Per-sample empirical Fisher: $\hat{\mathcal{I}} = \frac{1}{n} \sum_{i=1}^n s(\theta; x_i) s(\theta; x_i)^\top$, where each $s(\theta; x_i)$ is the per-sample gradient. The diagonal of this is $\frac{1}{n} \sum_i [s(\theta; x_i)]^2$, the mean of per-sample squared gradients.
Mini-batch gradient outer product: $g_t g_t^\top$, where $g_t = \frac{1}{|B|}\sum_{i \in B} s(\theta; x_i)$ is the batch-averaged gradient. The diagonal is $g_t^2$.

Adam tracks the second one, not the first. These differ because $(\frac{1}{n}\sum_i s_i)^2 \neq \frac{1}{n}\sum_i s_i^2$ in general. The distinction is discussed by Kunstner et al. (2019), who show that neither version generally approximates the true Fisher well away from critical points.
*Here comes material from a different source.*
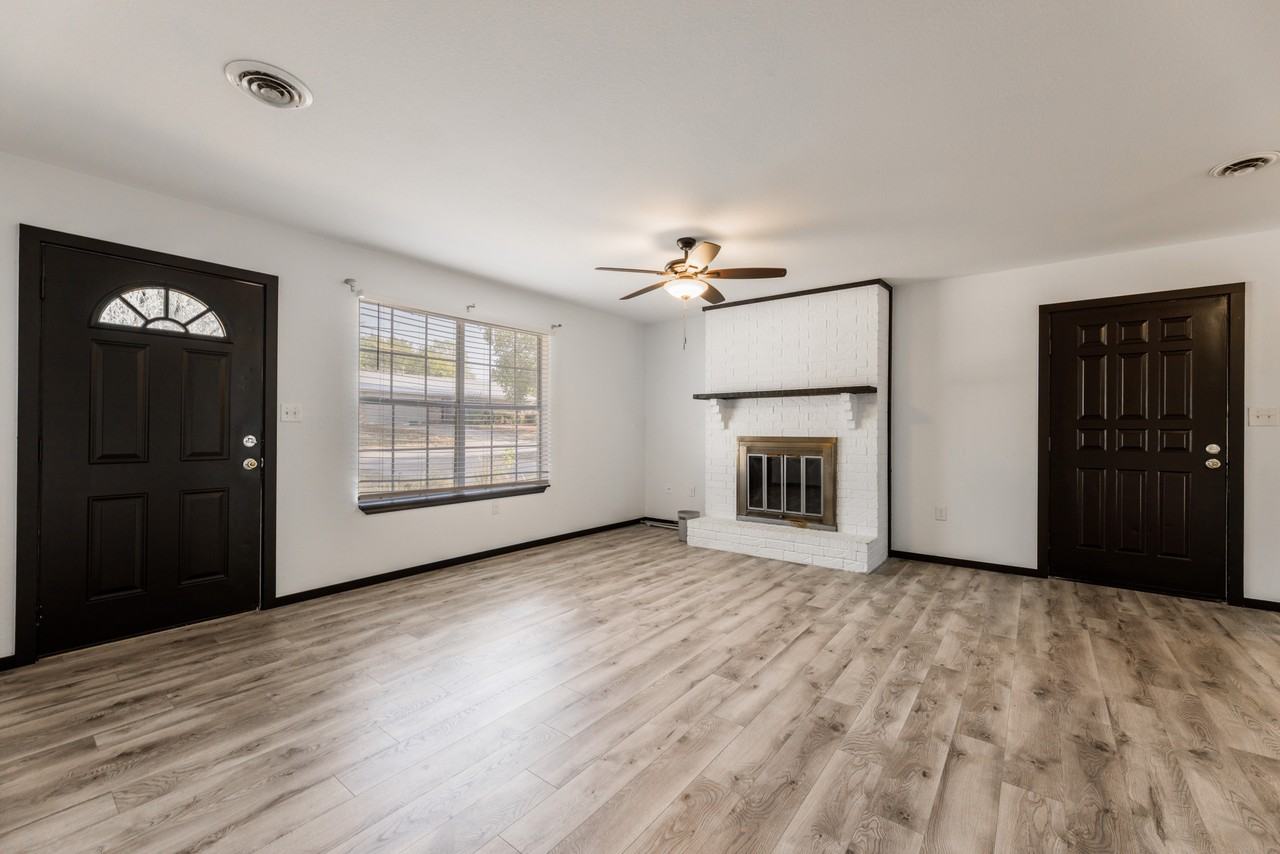 2717 W Meadowlark Dr #NA - Photo 2 of 19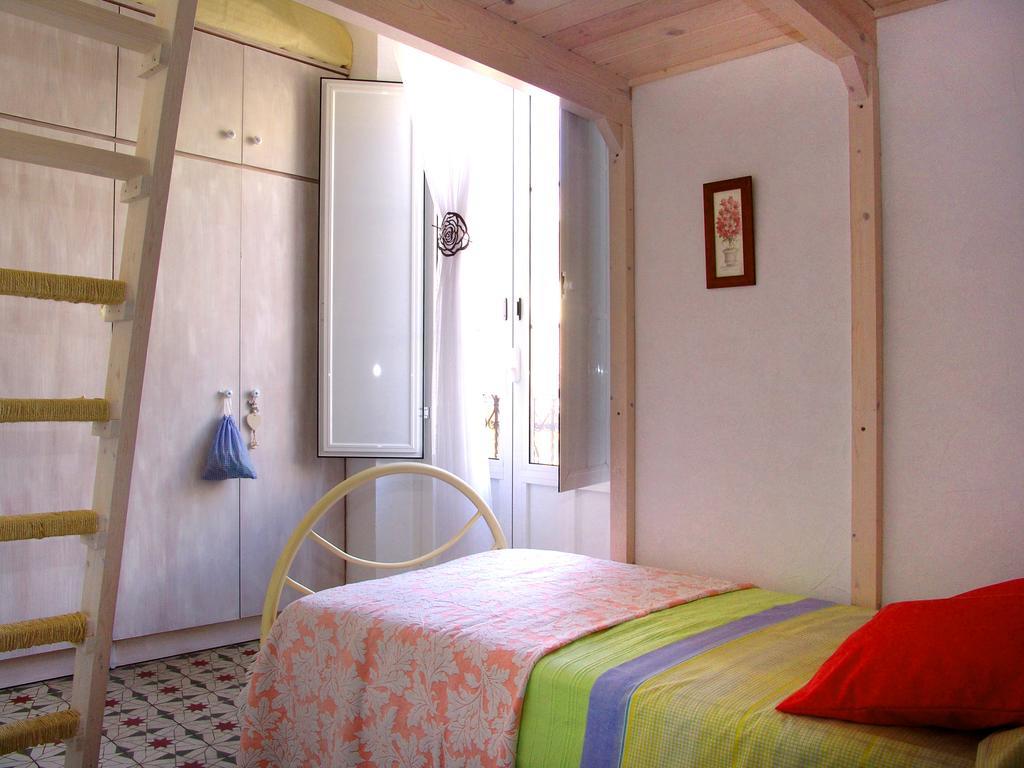 Apartamento Valdes Alicante Ngoại thất bức ảnh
The connection between Adam and natural gradient is real but requires four simplifications to make exact:

Drop bias correction. Remove the $1/(1 - \beta_2^t)$ warmup term.
Drop epsilon. Set the numerical stability constant to zero.
Drop the square root. This is the big one. Adam divides by $\sqrt{\hat{v}_t} + \epsilon$. The natural gradient preconditioner divides by $\hat{v}_t$. Adam is using a square-root preconditioner: $\text{diag}(\hat{v}_t)^{-1/2}$ rather than $\text{diag}(\hat{v}_t)^{-1}$. These are different objects with different scaling properties.
Accept the empirical Fisher. The true Fisher is $\mathbb{E}{x \sim p\theta}[s(\theta; x) s(\theta; x)^\top]$, an expectation under the model’s distribution. The empirical Fisher uses the training data distribution. They agree when the gradient is zero (i.e., at critical points of the expected log-likelihood, where the model’s distribution matches the data distribution in the relevant sense). In practice you are almost never at such a point.

With all four simplifications, simplified Adam and diagonal natural gradient with exponential forgetting $\beta_2$ produce identical parameter trajectories. Without them, they don’t. The square root is the most consequential difference: it changes the effective preconditioning from $1/v_i$ to $1/\sqrt{v_i}$, compressing the dynamic range of the per-parameter learning rates.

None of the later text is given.